Inclusive ASR for Disfluent Speech: Cascaded Large-Scale Self-Supervised Learning with Targeted Fine-Tuning and Data Augmentation
Dena Mujtaba, Nihar R. Mahapatra, Megan Arney, J. Scott Yaruss, Caryn, Herring, Jia Bin

TL;DR
This paper introduces an inclusive ASR approach that combines large-scale self-supervised learning, targeted fine-tuning, and data augmentation to improve recognition of disfluent speech, especially for people who stutter.
Contribution
It presents a novel method integrating self-supervised learning with targeted fine-tuning and data augmentation to enhance ASR performance on disfluent speech datasets.
Findings
Significant reduction in word error rates for disfluent speech.
Effective data augmentation techniques for disfluency diversity.

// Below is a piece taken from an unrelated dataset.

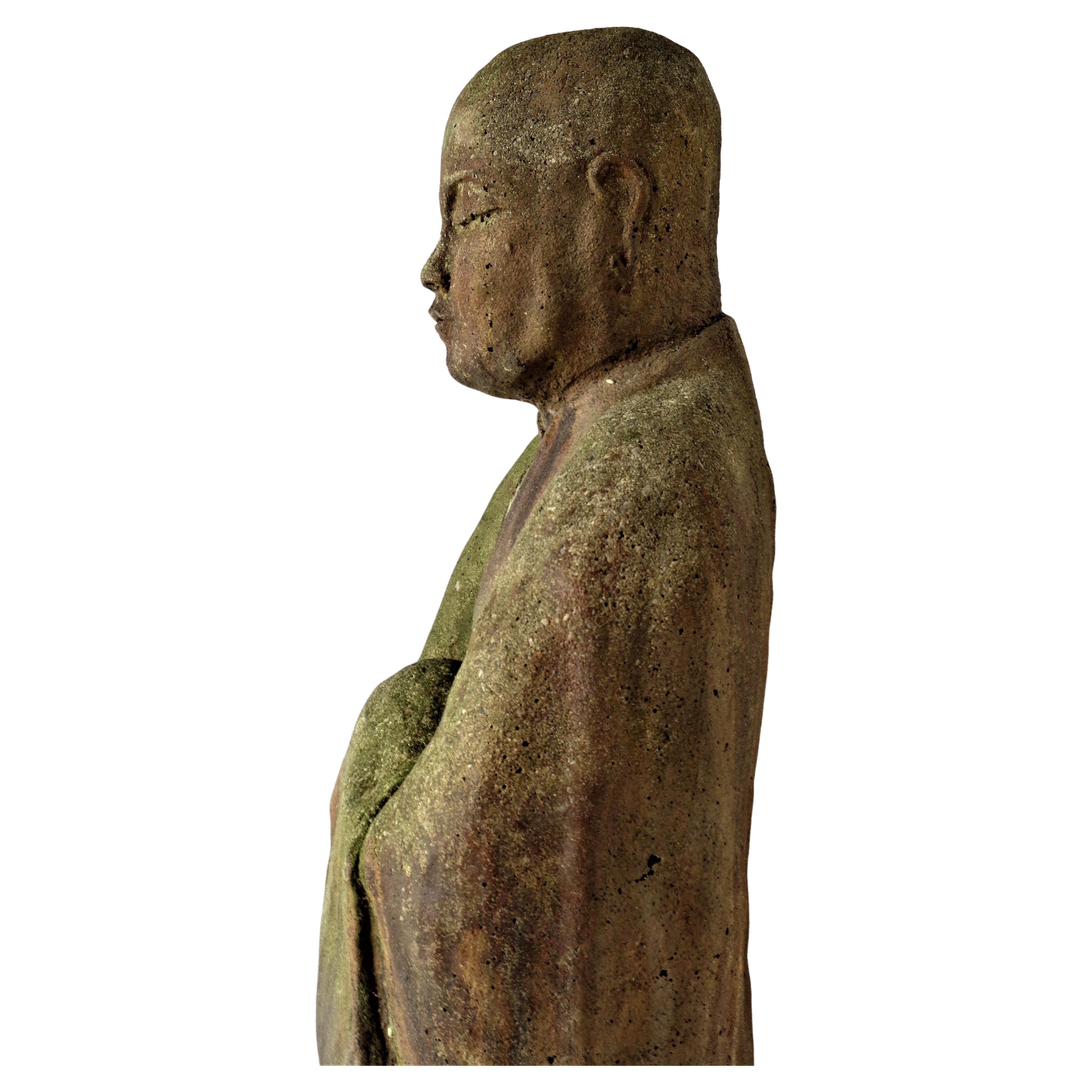 Cast Stone Stone Garden Statue of Ancient Japanese Jizo Bodhisattva, 1960-1970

Improved ASR inclusivity for speech with stuttering.
Abstract
Automatic speech recognition (ASR) systems often falter while processing stuttering-related disfluencies -- such as involuntary blocks and word repetitions -- yielding inaccurate transcripts. A critical barrier to progress is the scarcity of large, annotated disfluent speech datasets. Therefore, we present an inclusive ASR design approach, leveraging large-scale self-supervised learning on standard speech followed by targeted fine-tuning and data augmentation on a smaller, curated dataset of disfluent speech. Our data augmentation technique enriches training datasets with various disfluencies, enhancing ASR processing of these speech patterns. Results show that fine-tuning wav2vec 2.0 with even a relatively small, labeled dataset, alongside data augmentation, can significantly reduce word error rates for disfluent speech. Our approach not only advances ASR inclusivity for people who…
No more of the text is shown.